Se te contassem no começo do ano que a reforma tributária finalmente seria aprovada em 2023, você acreditaria?

Eu acreditaria, por duas razões. Primeiro, porque o Congresso tinha já demostrado muito claramente vontade de abraçar uma reforma desse tipo e o protagonismo do Congresso é muito relevante – os presidentes da Câmara e do Senado estavam sinalizando da importância de avançar nesse tema. Parecia ter um consenso nessa direção. E quando o governo monta uma secretaria especial só para isso, coloca uma pessoa sênior como o Bernard Appy à frente, põe o ministro Haddad para falar disso a toda hora, mostra foco e vontade de fazer. Quando tem foco de um lado e protagonismo do parlamento do outro, a chance de acontecer é maior.
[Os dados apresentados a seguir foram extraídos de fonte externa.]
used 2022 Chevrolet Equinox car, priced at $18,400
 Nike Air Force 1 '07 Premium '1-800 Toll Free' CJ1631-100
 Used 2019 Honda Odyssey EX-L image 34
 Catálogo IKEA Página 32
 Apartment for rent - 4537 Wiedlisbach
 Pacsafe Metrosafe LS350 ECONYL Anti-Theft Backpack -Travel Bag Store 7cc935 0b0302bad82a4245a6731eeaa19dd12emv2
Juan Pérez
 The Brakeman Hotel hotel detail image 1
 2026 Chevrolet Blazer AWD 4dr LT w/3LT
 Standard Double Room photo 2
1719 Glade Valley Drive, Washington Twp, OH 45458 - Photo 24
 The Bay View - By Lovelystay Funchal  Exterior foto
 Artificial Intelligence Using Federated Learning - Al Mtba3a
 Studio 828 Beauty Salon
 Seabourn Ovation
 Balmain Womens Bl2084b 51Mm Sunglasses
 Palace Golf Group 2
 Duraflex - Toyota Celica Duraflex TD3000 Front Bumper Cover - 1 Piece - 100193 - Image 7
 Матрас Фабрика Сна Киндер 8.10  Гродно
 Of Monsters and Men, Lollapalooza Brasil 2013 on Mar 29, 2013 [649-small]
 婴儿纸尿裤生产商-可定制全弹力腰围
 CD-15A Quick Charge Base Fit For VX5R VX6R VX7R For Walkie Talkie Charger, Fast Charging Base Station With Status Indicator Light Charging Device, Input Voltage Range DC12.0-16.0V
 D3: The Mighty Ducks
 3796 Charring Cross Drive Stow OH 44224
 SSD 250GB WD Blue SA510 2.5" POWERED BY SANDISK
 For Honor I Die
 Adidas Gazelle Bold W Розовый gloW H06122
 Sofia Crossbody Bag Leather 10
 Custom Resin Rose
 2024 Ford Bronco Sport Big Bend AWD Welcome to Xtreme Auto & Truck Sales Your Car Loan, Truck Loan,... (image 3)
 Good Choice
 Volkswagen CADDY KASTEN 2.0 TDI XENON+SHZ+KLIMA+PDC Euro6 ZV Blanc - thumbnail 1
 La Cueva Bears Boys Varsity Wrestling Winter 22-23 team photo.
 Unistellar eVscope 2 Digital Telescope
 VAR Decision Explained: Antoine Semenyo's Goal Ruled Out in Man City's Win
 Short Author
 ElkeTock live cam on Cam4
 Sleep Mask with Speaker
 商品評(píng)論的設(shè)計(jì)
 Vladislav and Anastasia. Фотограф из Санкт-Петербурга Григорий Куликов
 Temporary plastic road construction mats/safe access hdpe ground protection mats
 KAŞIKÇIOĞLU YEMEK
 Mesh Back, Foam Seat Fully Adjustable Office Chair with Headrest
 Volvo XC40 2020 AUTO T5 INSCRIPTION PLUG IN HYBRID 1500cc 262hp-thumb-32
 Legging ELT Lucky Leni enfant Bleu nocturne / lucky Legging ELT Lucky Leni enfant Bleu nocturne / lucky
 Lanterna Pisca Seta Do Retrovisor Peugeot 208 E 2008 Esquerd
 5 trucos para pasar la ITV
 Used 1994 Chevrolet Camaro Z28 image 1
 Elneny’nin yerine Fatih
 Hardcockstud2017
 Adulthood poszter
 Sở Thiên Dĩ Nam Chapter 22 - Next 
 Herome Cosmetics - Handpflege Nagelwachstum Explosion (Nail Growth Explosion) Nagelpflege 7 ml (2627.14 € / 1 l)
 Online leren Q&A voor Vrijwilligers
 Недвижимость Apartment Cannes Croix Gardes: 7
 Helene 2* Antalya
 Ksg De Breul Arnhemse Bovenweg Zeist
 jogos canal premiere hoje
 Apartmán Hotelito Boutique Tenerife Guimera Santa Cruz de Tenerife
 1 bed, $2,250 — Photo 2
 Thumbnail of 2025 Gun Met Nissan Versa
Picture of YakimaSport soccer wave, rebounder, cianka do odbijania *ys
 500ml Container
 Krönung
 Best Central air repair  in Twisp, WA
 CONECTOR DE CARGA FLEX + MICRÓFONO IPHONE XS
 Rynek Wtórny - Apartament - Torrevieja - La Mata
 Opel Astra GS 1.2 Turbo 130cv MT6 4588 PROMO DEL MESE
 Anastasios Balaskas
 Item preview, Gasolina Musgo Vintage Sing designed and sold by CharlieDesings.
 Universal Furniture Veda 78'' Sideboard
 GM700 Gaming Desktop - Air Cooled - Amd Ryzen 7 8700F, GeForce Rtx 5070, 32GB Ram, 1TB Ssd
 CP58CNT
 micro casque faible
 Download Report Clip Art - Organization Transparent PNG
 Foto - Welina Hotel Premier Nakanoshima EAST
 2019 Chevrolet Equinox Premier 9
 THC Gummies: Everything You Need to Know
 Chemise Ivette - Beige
Os efeito práticos da reforma devem demorar a aparecer. Mas vai ser possível ver algum efeito no humor para os negócios já no ano que vem?

Talvez. O efeito de mercado, na economia, vai demorar para aparecer. Ainda tem muita discussão sobre a lei complementar, tem muita incerteza de como será a estrutura tributária lá na frente, como será o prazo de transição. Aumenta a complexidade no curto prazo porque tem os dois regimes convivendo. Eu seria cauteloso. Benefício mesmo, a gente vai ver daqui a uns cinco ou 10 anos. Vai ser um benefício importante, mas só vai acabar transparecendo em crescimento, melhora de mercado, da arrecadação, lá na frente.